|photo from wikimedia commons|
Certainly, A packet of bean seeds pays for itself many times over by the end of the harvest. However, when I add to my production costs by spending $20.00 on wire fencing to create tomato cages, or buy $20.00 worth of stakes to hold up the burgeoning plants my cost per unit goes up, and my "profit" goes down.
That's why the COO, CEO, and CFO of Glover Gardens declared a paradigm shift at the last board meeting. Our vision statement no longer states that we are saving money, but that the garden is not-for-profit endeavor--a hobby. And we all know that hobbies cost money. My twenty quarts of frozen tomatoes are still cheaper than green fees, scrapbooking paraphernalia, or cruises.

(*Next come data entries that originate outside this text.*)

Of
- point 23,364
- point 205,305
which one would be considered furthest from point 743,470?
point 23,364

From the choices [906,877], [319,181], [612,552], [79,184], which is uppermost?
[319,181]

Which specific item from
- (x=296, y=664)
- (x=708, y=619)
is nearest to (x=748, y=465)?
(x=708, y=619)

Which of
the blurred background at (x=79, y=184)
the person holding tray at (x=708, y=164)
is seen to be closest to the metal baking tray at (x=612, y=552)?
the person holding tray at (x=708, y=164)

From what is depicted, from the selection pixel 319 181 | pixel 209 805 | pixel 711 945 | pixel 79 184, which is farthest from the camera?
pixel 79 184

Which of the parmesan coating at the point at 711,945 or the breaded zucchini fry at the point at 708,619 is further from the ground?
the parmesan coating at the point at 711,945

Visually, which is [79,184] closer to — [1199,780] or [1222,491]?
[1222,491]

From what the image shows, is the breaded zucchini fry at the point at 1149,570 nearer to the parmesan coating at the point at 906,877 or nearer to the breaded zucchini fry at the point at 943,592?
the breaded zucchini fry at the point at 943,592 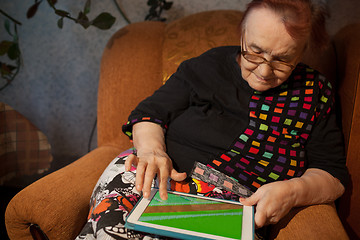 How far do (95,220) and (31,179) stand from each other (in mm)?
1392

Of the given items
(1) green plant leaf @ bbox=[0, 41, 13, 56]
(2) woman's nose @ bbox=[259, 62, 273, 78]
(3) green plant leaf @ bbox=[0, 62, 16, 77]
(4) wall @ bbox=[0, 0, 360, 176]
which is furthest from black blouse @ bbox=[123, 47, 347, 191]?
(3) green plant leaf @ bbox=[0, 62, 16, 77]

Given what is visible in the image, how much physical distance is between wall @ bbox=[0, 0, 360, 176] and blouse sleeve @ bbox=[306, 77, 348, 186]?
79 centimetres

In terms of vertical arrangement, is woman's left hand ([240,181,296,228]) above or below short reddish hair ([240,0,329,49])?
below

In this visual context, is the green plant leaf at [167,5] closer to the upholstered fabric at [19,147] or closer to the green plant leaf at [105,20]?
the green plant leaf at [105,20]

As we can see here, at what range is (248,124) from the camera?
→ 2.77 ft

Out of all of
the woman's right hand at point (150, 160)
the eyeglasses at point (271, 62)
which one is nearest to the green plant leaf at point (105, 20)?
the woman's right hand at point (150, 160)

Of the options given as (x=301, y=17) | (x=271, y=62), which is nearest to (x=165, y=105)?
(x=271, y=62)

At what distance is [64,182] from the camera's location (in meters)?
0.86

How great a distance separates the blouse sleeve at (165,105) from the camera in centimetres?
88

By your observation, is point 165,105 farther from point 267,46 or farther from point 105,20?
point 105,20

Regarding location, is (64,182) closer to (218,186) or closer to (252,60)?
(218,186)

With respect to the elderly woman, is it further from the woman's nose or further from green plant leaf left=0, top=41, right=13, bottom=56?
green plant leaf left=0, top=41, right=13, bottom=56

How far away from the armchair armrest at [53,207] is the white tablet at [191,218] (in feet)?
0.90

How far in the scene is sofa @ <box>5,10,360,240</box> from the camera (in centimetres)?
75
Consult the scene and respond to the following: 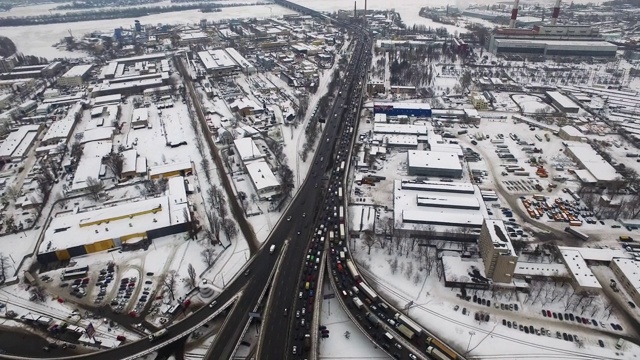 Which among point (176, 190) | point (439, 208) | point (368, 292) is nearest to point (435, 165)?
point (439, 208)

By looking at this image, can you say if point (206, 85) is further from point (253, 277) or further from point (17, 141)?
point (253, 277)

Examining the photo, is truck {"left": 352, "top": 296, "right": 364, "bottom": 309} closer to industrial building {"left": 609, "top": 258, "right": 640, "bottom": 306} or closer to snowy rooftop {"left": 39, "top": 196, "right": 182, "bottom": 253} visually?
snowy rooftop {"left": 39, "top": 196, "right": 182, "bottom": 253}

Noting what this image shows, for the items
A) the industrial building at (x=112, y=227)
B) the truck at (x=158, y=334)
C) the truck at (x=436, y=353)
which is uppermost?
the industrial building at (x=112, y=227)

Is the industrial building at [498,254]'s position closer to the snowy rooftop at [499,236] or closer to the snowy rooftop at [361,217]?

The mental gymnastics mean I don't have to factor in the capital expenses for building the $125.00 raised bed, (labor included) in my bottom line. I don't have to justify the expense with complicated depreciation formulas to reduce the cost per pound of chard.
Expenses are warranted as part of the price tag to stay physically fit, expand the sense of well-being, and enjoy the fresh flavor of a beet only hours after harvest.
It's like cost-benefit analysis, joy being an intangible but huge benefit.
(All errors in using economic terms are entirely my own. It's creative license.)